Dan perlu kita garis bawahi, satu-satunya bakul yang seneng
ditemenin sampai pagi ya cuma bakul wedangan. Saya sih agak ndak sreg ya
waktu presiden baru kita, pak Jokowi itu bilangnya kerja, kerja, kerja. lha terus wedangannya kapan, pak?
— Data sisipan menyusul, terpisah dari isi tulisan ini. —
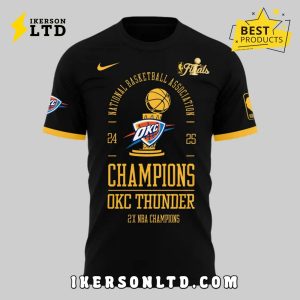Oklahoma City Thunder 2X NBA Champions Shirt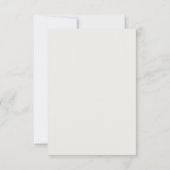 Emerald Vine Wedding セーブザデート (裏面)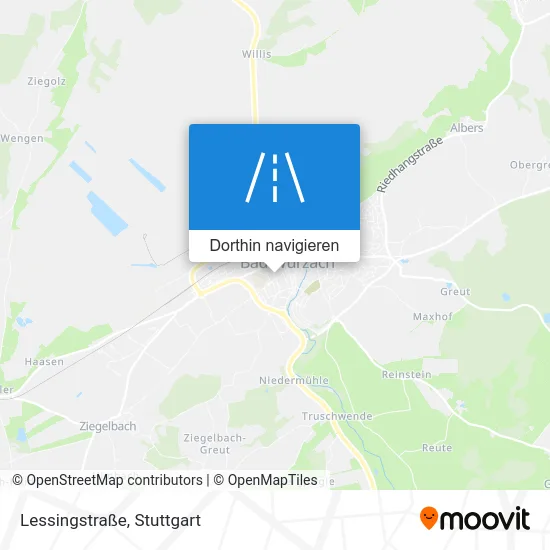 Lessingstraße Karte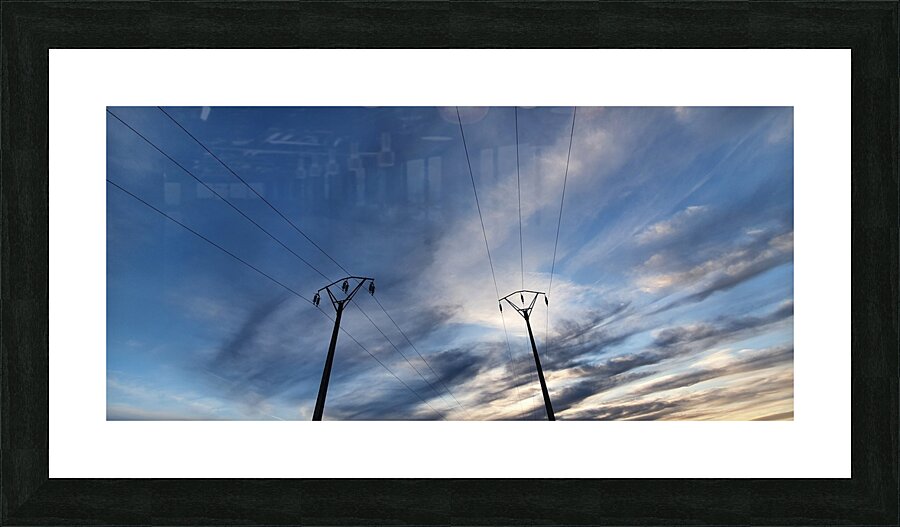 work to enlighten Picture Frame print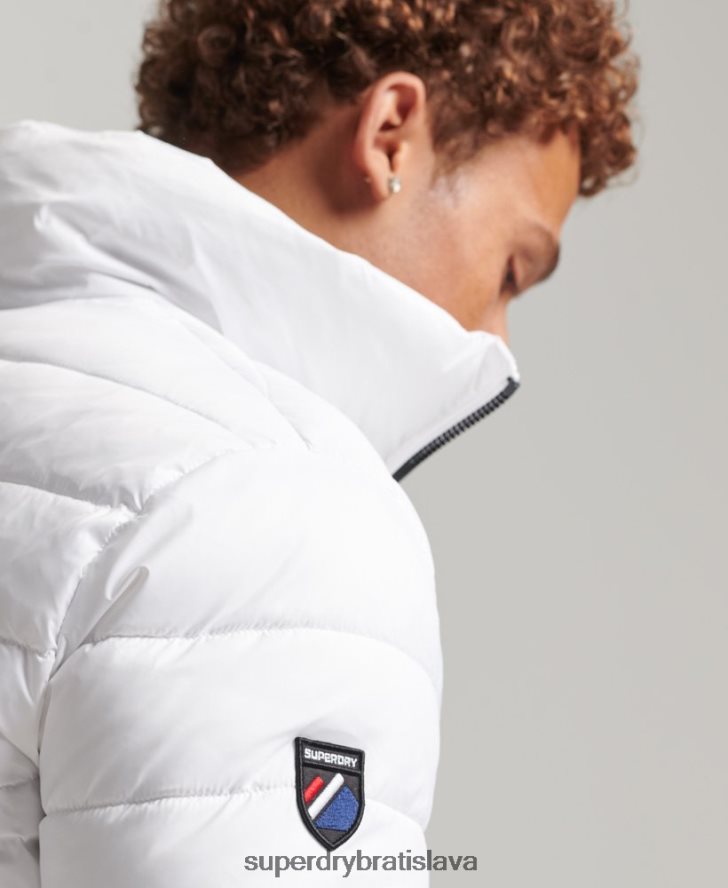 Superdry muži klasická bunda s logom 6B4ZTR4695 oblečenie biely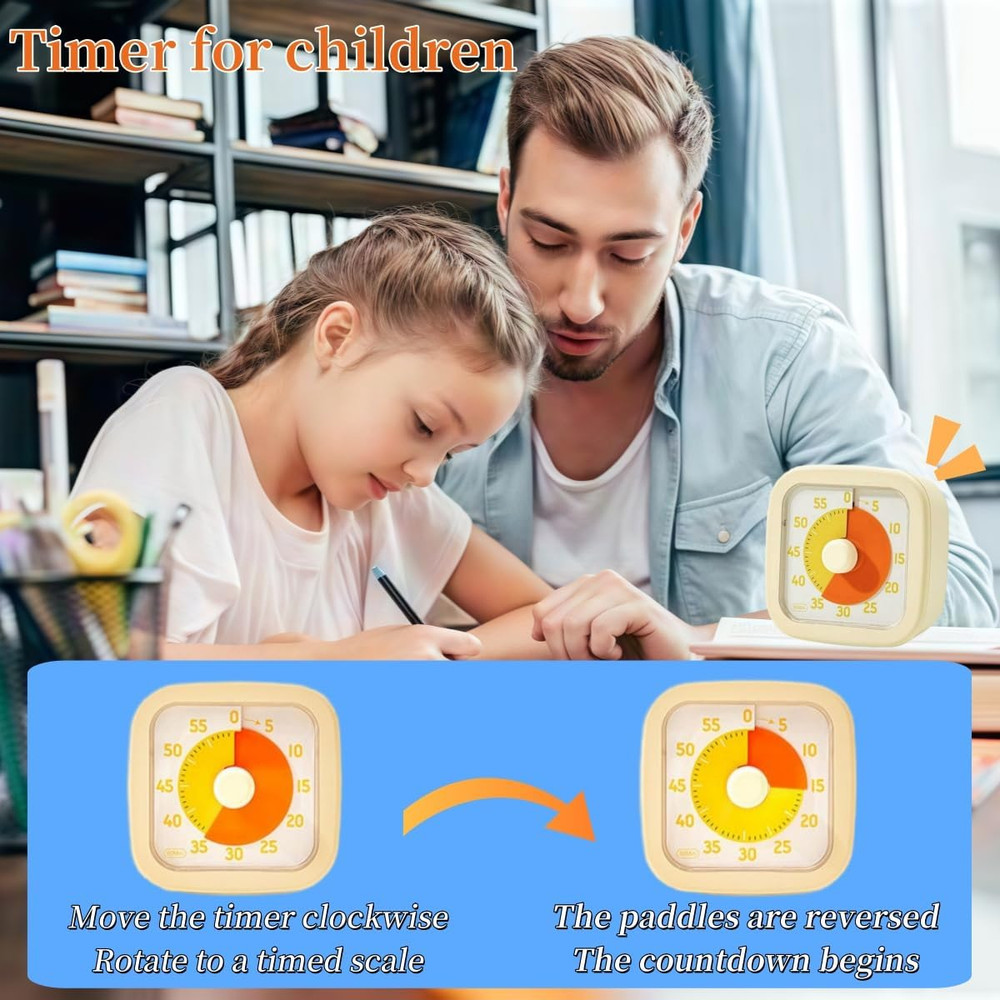 Visual Timer for Kids Timer Home - 60 Minute Kids Visual Timer for Classroom Hom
Tapi ndak papa sih, yang penting di
balik ini semua kita sekalian tidak lupa sama budaya srawung.
Karena tempat yang bener-bener mewarisi budaya srawung selain arisan,
kumpul RT, ya cuma di wedangan.
Wah jadi kangen wedangan nich...
BalasHapusSalam buat bapak2 smua ya pak...
(Dimas - Panorama Indah No. 13-15)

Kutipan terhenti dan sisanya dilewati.